One of the biggest mysteries in cosmology today is what exactly the universe is made up of. We know that all of the ordinary matter in the universe makes up just 5% of the total universe, with the rest being made up of theoretical constructs: 27% of the universe is dark matter, and 68% is dark energy. We know that dark matter and dark energy must exist because we see their effects, but neither has ever been measured directly.
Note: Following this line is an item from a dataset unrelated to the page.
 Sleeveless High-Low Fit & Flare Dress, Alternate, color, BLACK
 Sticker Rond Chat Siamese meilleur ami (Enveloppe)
So to learn more about dark energy, an international large-scale survey called the Dark Energy Survey was launched to map out hundreds of millions of galaxies. Between 2013 and 2019 a collaboration of researchers used a purpose-built tool called the Dark Energy Camera (DECam) on the Victor M. Blanco Telescope located in the Chilean Andes for these observations. But since the survey has come to an end, the Dark Energy Camera hasn’t been idle — it’s now used for research into a variety of astronomical topics, and it was recently used to capture this stunning image of the Lobster Nebula.
This 400-light-year-wide nebula is located around 8,000 light-years away from Earth in the constellation of Scorpius. This cloud of dust and gas is illuminated by bright, young stars, with a particularly bright set of massive stars in a cluster called Pismis 24 in the heart of the nebula. The interactions of these massive stars, the younger stars forming around them, and the clumps of dust and gas which will eventually form another generation of stars all add to the complex, billowing shape of the nebula.
Capturing these different features was possible thanks to the Dark Energy Camera’s range of filters. “This image was constructed using some of a new range of very special DECam narrowband filters, which isolate very specific wavelengths of light,” NOIRLab explains. “They make it possible to infer the physics of distant objects, including important details about their inner motions, temperatures, and complex chemistry, which is especially important when examining star-forming regions like the Lobster Nebula.”